Спасти СССР. Инфильтрация - Михаил Королюк
Шрифт:
Интервал:
Закладка:
Паштет быстро спрятал за спину почти законченный венок из одуванчиков, на который уже пару раз с легкой благосклонной улыбкой косилась Ирка, и замотал лобастой головой:
– Ничего, Зинаида Эриковна, слушаю.
– Вот и слушай… Прошу вас, Светлана Николаевна. – Классная сделала пару шагов назад, присоединившись к до сих пор пытающейся отдышаться после тяжелого подъема Соломоновне.
Старуха оторвала наконец глаза от земли, провела по кругу тяжелым взглядом и уставилась куда-то поверх голов, словно пытаясь подобрать слова для первой фразы, а потом неожиданно выстрелила вопросом:
– Вы знаете, какая главная улица в нашем городе?
– Невский, Невский, Невский… – полетело удивленно вразнобой.
– Да… Есть такое мнение, – протянула Светлана Николаевна и взмахнула рукой в сторону видневшейся вдали окраины города. – Но по мне, так главная улица идет вон там, за полем, от «Дачного» к «Сосновой Поляне». Проспект Народного Ополчения. Город – это, прежде всего, его люди. Многие тогда ушли в ополчение, ушли, и почти никто не вернулся. Ленинград обеднел на них… Вот об этих людях я и хочу вам сегодня рассказать.
Она чуть помолчала, потом с горечью выплюнула:
– Война эта проклятущая… Сожгла золотой фонд страны – забрала лучших, тех, кто стоял насмерть в обороне и первым шел в атаку. Погибло девять из десяти сознательных строителей коммунизма… А они были предназначены не для этого! Они должны были нести идеи коммунизма дальше, возмужав, воспитать следующее поколение настоящих людей. Но их не стало… Эта прореха не заросла до сих пор, даже за треть века. И еще неизвестно, как это нам икнется… – И она заговорила, вколачивая каждое слово, как сваю: – В дивизиях народного ополчения самые тяжелые потери были среди членов партии и особенно среди партийных работников. За первые недели боев состав комиссаров, парторгов и комсоргов полностью сменился по несколько раз. Вчерашние секретари райкомов, парторги цехов погибали, поднимая цепи, погибали, ведя сводные группы на закрытие вражеских прорывов, погибали, прикрывая отход раненых… Это страшные, невосполнимые потери.
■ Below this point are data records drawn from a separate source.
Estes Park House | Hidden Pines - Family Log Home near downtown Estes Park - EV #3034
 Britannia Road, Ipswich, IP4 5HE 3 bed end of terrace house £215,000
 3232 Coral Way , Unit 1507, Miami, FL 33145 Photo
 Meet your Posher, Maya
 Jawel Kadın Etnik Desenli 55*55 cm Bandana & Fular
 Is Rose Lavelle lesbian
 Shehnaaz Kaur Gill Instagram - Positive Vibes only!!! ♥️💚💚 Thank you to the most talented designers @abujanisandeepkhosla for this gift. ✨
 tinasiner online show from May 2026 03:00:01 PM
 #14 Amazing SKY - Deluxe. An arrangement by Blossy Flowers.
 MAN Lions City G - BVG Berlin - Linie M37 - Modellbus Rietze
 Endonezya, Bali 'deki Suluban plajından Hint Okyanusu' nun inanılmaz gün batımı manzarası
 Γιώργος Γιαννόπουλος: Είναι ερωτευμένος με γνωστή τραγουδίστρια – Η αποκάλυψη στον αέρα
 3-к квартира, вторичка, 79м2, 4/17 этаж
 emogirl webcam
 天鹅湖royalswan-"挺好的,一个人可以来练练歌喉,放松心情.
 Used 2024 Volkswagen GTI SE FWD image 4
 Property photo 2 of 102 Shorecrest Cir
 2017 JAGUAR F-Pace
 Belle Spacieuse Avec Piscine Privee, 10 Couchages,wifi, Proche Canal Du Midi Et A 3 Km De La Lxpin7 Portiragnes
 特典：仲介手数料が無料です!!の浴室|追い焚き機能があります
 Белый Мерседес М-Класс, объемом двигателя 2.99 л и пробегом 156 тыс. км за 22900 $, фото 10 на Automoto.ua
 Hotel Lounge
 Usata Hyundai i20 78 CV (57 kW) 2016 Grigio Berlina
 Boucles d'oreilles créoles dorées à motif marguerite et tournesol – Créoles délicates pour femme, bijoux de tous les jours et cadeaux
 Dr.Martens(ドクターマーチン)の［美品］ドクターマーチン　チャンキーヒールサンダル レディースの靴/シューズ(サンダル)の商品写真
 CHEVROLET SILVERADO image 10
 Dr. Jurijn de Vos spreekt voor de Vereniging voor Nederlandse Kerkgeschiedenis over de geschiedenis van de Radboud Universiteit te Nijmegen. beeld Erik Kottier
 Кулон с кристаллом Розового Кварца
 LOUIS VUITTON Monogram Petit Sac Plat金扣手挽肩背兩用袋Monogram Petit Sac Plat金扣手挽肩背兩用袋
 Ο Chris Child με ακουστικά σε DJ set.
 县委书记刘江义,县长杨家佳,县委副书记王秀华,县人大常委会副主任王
Прикрыла на пару секунд глаза, сглотнула и продолжила уже спокойным размеренным голосом:
– А ополчение действительно было народным. Оно названо так не ради красного словца. В первые же дни войны в военкоматы города явились более ста тысяч добровольцев. Люди буквально осаждали военкоматы, требуя зачислить их в действующую армию. Улицы, площади перед военкоматами были забиты людьми. Никого из нас на войну не «гнали». Наоборот, часто гнали из ополчения. Ученых, высококвалифицированных специалистов и рабочих оборонных предприятий буквально за руку вытаскивали из строя и отправляли назад. Люди скандалили, требуя отправить их на фронт. Вдумайтесь в это – требовали отправить под пули, бомбы и снаряды! – Она помолчала, уйдя на какое-то время в себя, потом досадливо встряхнула сединой и горько добавила: – И я не уверена, случись война сейчас, будет ли военкоматы осаждать такое же количество добровольцев… А эти люди знали, что и почему они защищают! И были готовы умирать за это! Вот ты, – она неожиданно ткнула пальцем в Армена, – скажи, когда ты станешь взрослым?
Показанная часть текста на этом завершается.